Varikosel tanısı fizik muayene (klinik varikosel olduğunda) ile konur ve testis Doppler ultrasonu (subklinik varikosel teşhisine de olanak sağlar) yapılarak doğrulanır.
Fizik muayenede, ayakta ve Valsalva manevrası ile daha belirgin hale gelen venöz sistem pahasına spermatik kord kalınlaşması ortaya çıkar. Oda sıcaklığının çok düşük olmaması tavsiye edilir çünkü soğuk havalar testislerin kasık bölgesine doğru yükselmesine neden olur ve bu da muayeneyi zorlaştırır.

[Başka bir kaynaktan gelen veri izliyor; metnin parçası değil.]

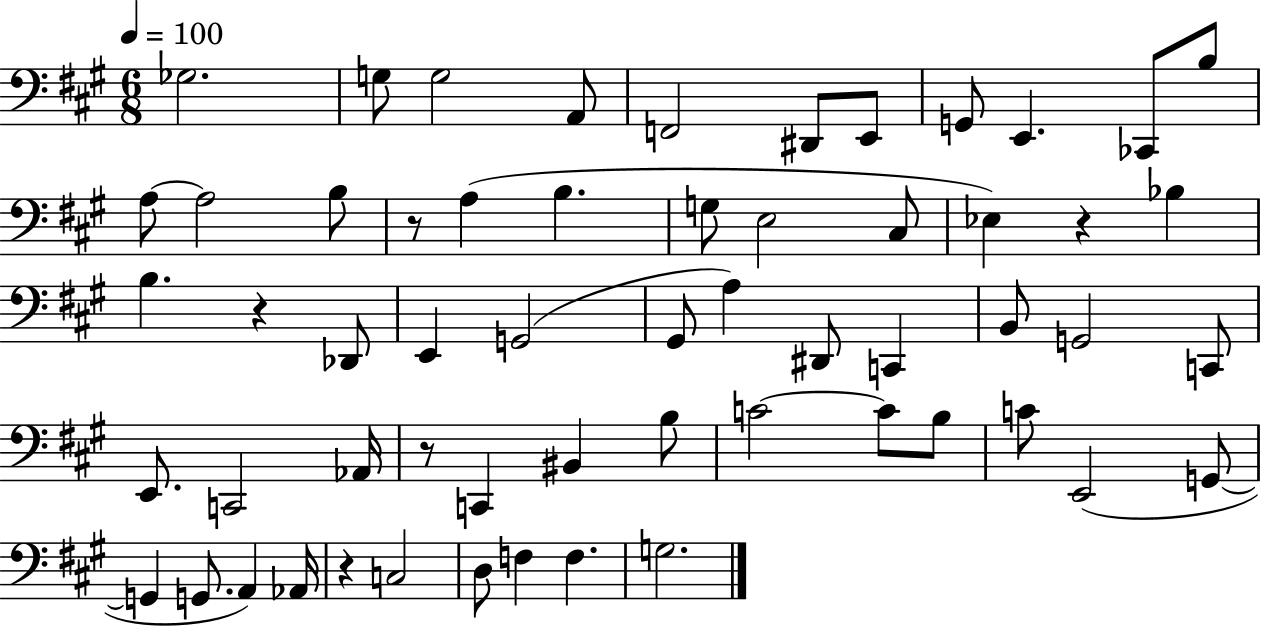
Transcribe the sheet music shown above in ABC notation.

Fizik muayene yapıldıktan sonra varikosel bulgusu yoksa Doppler ultrason, flebografi veya termografi gibi görüntüleme tetkikleri yapılarak subklinik varikosel aranması gerekir. Doppler ve flebografi, spermatik venlerin sayısında ve çapında bir artış (konvansiyonel skrotal ultrason) veya venöz reflünün flebografi veya Doppler ultrason ile gösterilmesi olarak tanımlanan subklinik varikosel tanısı için referans testlerdir.

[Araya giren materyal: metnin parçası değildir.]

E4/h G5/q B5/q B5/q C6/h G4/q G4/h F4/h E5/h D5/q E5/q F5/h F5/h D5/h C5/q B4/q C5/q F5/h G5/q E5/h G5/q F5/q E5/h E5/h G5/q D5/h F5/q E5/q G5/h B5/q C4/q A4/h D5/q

Varikosel varlığı doğrulanan tüm hastalarda, doğurganlıkta değişiklik olup olmadığını görmek için kan testi ve meni analizi (spermiogram) yapılması gerekir.
Varikosel tanısı konulduğunda cerrahi müdahale kararı vermeden önce en az iki spermiyogram yapılması gerekmektedir. Bir hasta asla bu test olmadan ameliyat edilmemelidir, bu aynı zamanda gelişimlerinin bir kontrolü olarak da bilime hizmet eder.
Varikoselin cerrahi müdahale ile tedavisi, hastanın üreme kapasitesini ve androjen üretimini iyileştirmeyi (ameliyat geçiren erkeklerde tedavi edilmeyen hastalara göre testosteron konsantrasyonunda ve semen kalitesinde artış tespit edilmiştir) amaçlar.
Testis varikoselinin ağrı semptomları oluşturması ve/veya kısırlığa neden olması durumunda, kanın sağlıklı damarlardan akması için etkilenen damarların kesilmesinden oluşan varikoselektomi adı verilen cerrahi bir müdahale yapılır.
Varikoselin varlığı testiküler atrofi, spermiyogram parametrelerinde değişiklik ve kısırlık ile ilişkilidir; ancak bunun ne zaman düzeltilmesi gerektiği kesin değildir. Ergenlerde varikosel tedavisinin etkili olabilmesine rağmen, ciddi bir aşırı tedavi riski vardır. Varikosel semptomlara neden olmadığında ve organların işlevlerini veya sperm kalitesini etkilemediğinde, hastanın sadece düzenli olarak tıbbi olarak izlenmesi tavsiye edilir.
Varikosel onarımı, anormal spermiyogramı, klinik varikosel, testis ağrısı, başka türlü açıklanamayan kısırlığı veya ergenlerde seri klinik muayenelerle belgelenen testis gelişiminde ilerleyici başarısızlığı olan erkeklerde etkili olabilir. Tüm bu durumlarda cerrahi müdahale düşünülmelidir.